▸ **PROBLEM TO WORK ON**
Setting aside any pictures, reproduce the data exactly.

▸ **MATERIAL PROVIDED**
————————

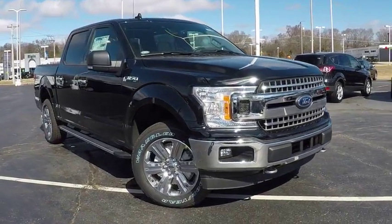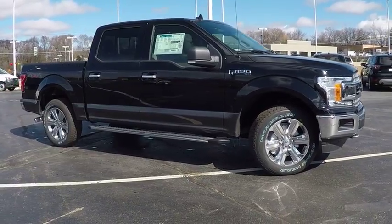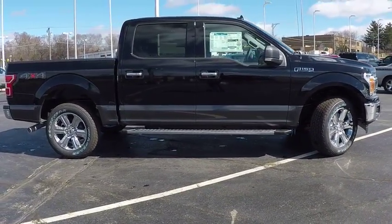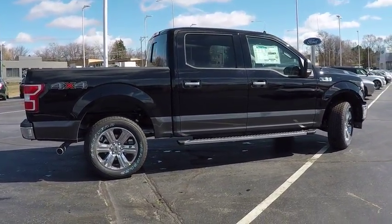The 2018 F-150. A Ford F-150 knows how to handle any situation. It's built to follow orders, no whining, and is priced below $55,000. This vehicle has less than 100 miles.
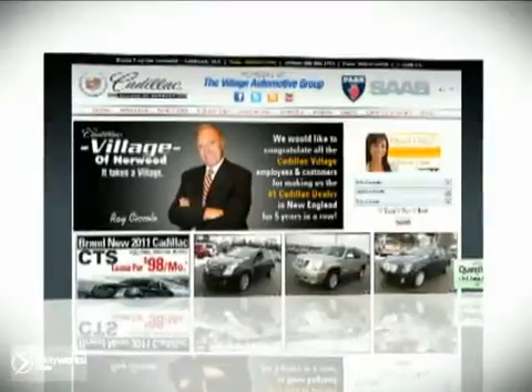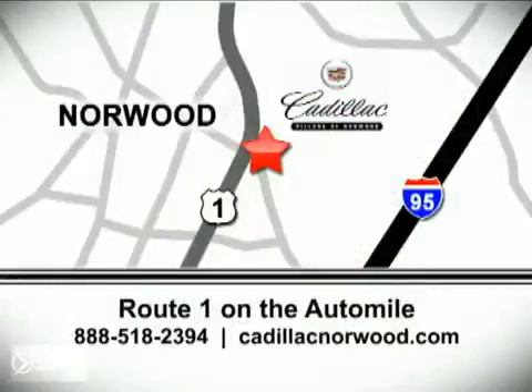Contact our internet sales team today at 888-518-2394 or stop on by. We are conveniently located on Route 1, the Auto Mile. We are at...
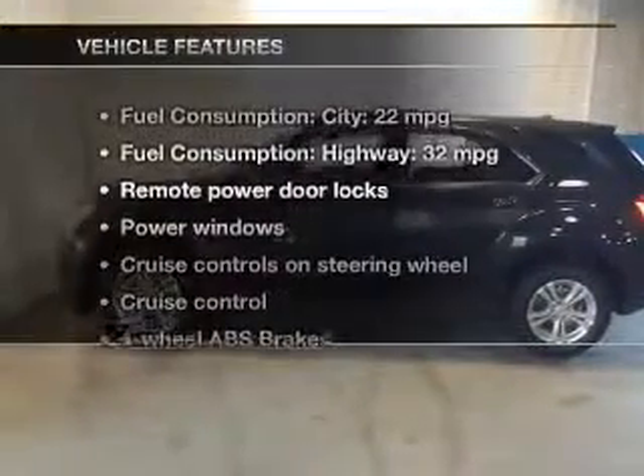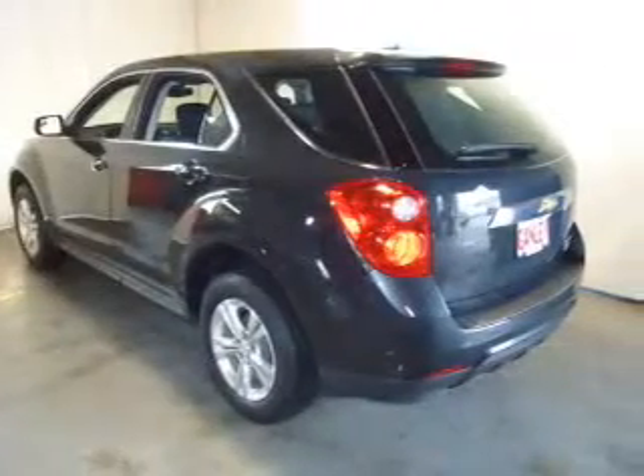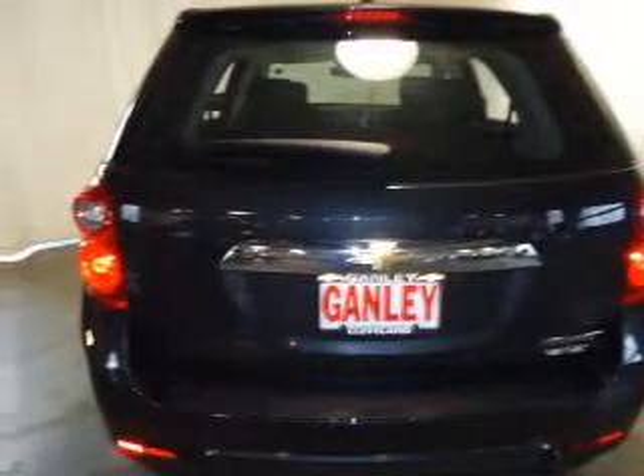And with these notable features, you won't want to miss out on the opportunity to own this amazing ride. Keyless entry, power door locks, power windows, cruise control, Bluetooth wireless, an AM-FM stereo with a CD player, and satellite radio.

————————

▸ **ANSWER SECTION**
The 2018 F-150. A Ford F-150 knows how to handle any situation. It's built to follow orders, no whining, and is priced below $55,000. This vehicle has less than 100 miles.
Contact our internet sales team today at 888-518-2394 or stop on by. We are conveniently located on Route 1, the Auto Mile. We are at...
And with these notable features, you won't want to miss out on the opportunity to own this amazing ride. Keyless entry, power door locks, power windows, cruise control, Bluetooth wireless, an AM-FM stereo with a CD player, and satellite radio.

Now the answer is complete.